Ingegnere pneumatico

Sono Jack, Ingegnere pneumatico presso Bepto Pneumatica. Aiuto a verificare i requisiti dei prodotti pneumatici, le applicazioni dei componenti e i dettagli tecnici prima del preventivo.

Articoli dell'autoreJack@bepto.com

Una guarnizione di ammortizzazione modifica il percorso di scarico durante l'ultima parte della corsa di un cilindro pneumatico. Quando il manicotto o il perno di ammortizzazione entra nella guarnizione, il percorso principale di scarico si chiude e l'aria intrappolata deve uscire attraverso il passaggio regolabile dello spillo. Durante l'inversione, molte guarnizioni progettate per questo scopo aprono anche un percorso di ingresso più libero, così il pistone può uscire dalla zona di ammortizzazione senza un avviamento lento.
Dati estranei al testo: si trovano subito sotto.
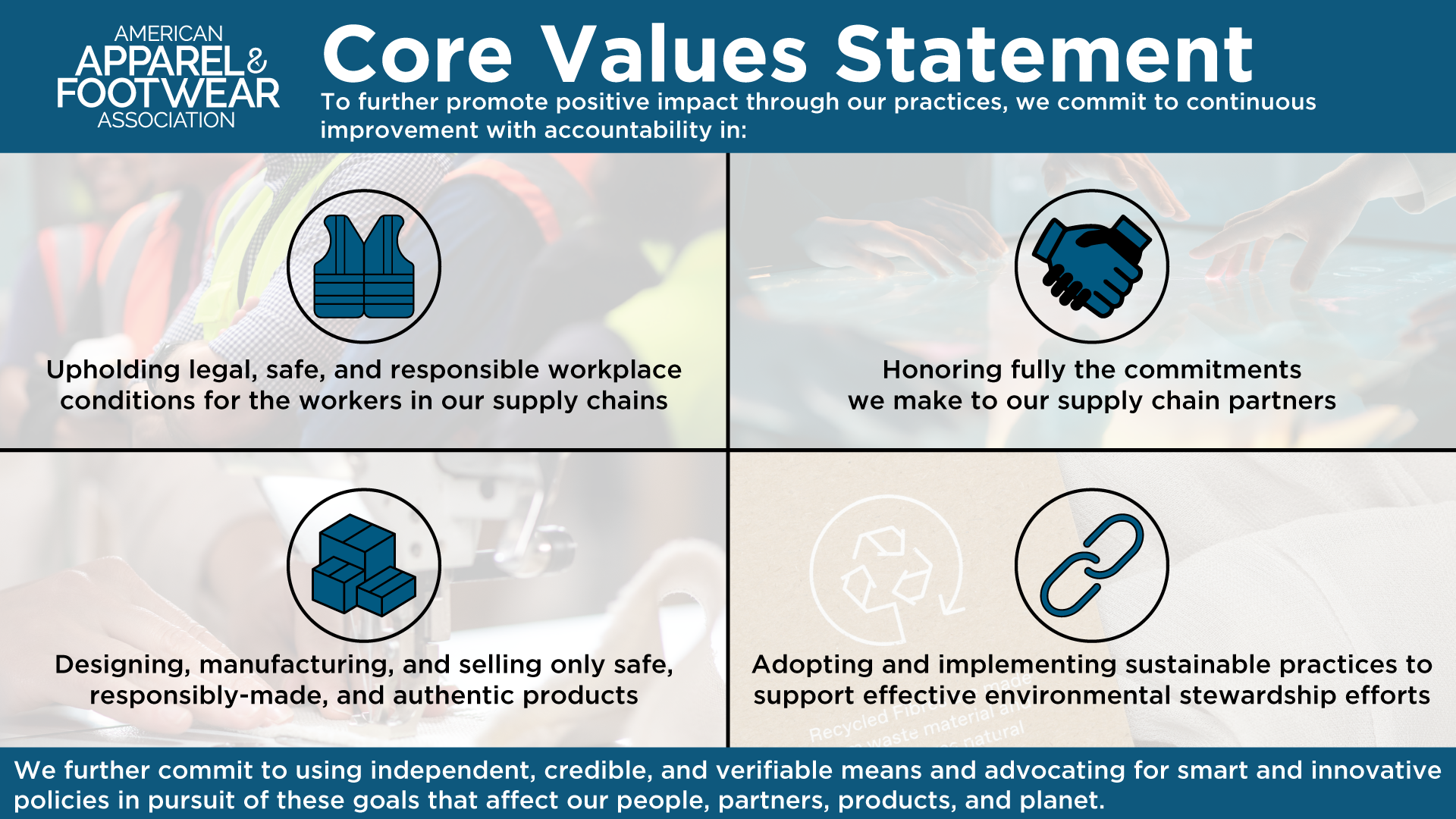 Core Values Statement To further promote positive impact through our practices, we commit to continuous improvement with accountability in:  Upholding legal, safe, and responsible workplace conditions for the workers in our supply chains; Honoring fully the commitments we make to our supply chain partners; Designing, manufacturing, and selling only safe, responsibly-made, and authentic products; and Adopting and implementing sustainable practices to support effective environmental stewardship efforts. We further commit to using independent, credible, and verifiable means and advocating for smart and innovative policies in pursuit of these goals that affect our people, partners, products, and planet.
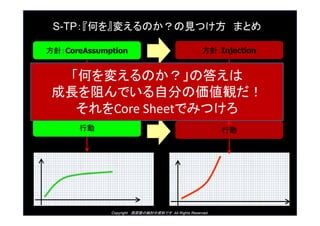 Copyright ԭ¡ΗӑYϤǤ All Rights Reserved.
ᘣCoreAssumption
u:Measurement
ᘣInjection
uʣNEW Measurement
Є Є
S-TPΤ򡻉䤨ΤҊĤ ޤȤ
Τ䤨Τδ𤨤
LǤԷ֤΁Q
Core SheetǤߤĤ
 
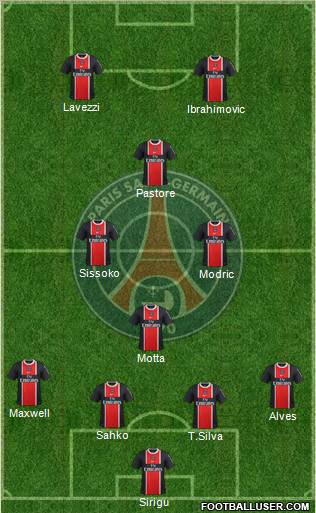Paris Saint-Germain Formation 2012
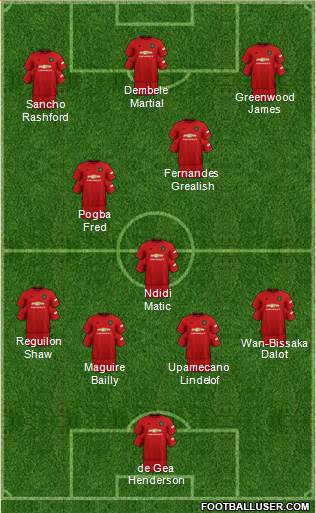 Manchester United Formation 2020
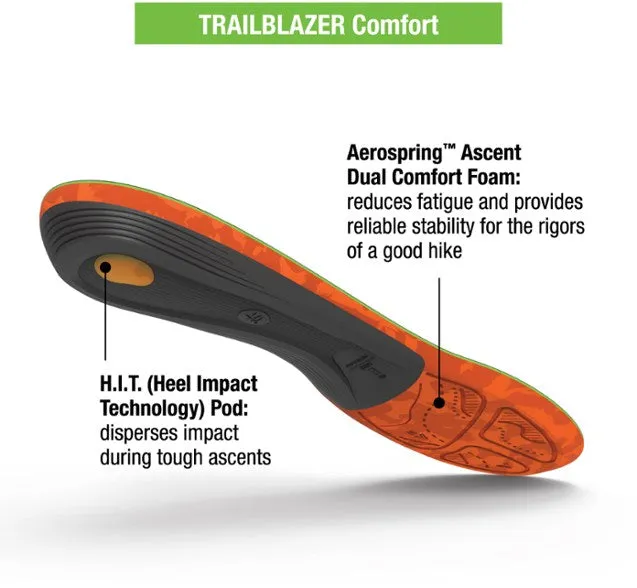 Superfeet Trailblazer Comfort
Questa doppia azione è facile da trascurare. La guarnizione non è la vite di regolazione e la vite non è l'assorbitore di energia. Il pistone in movimento comprime l'aria intrappolata; la guarnizione crea la camera controllata; lo spillo dosa lo scarico. Parker descrive un profilo di anello di ammortizzazione sia come guarnizione di fine posizione sia come valvola nella corsa di rientro (Guarnizioni pneumatiche Parker, 2025).

Punti chiave

  • Una guarnizione di ammortizzazione chiude il percorso principale di scarico; lo spillo controlla il flusso residuo.
  • Parker classifica un profilo dedicato a 16 bar e 1 m/s, non ogni guarnizione per cilindro.
  • Un'inversione lenta può dipendere dalla funzione di valvola della guarnizione, mentre un urto violento può derivare da bypass della guarnizione, energia eccessiva o regolazione errata.

Che cosa fa realmente una guarnizione di ammortizzazione?

Parker classifica la sua guarnizione di ammortizzazione PP a 16 bar e 1 m/s, ma questi valori si applicano al profilo documentato e non a ogni cilindro pneumatico. Il suo ruolo primario è più generale: fare tenuta contro il pistone o il perno di ammortizzazione a fine posizione e agire come valvola quando il movimento si inverte (Guarnizioni pneumatiche Parker, 2025).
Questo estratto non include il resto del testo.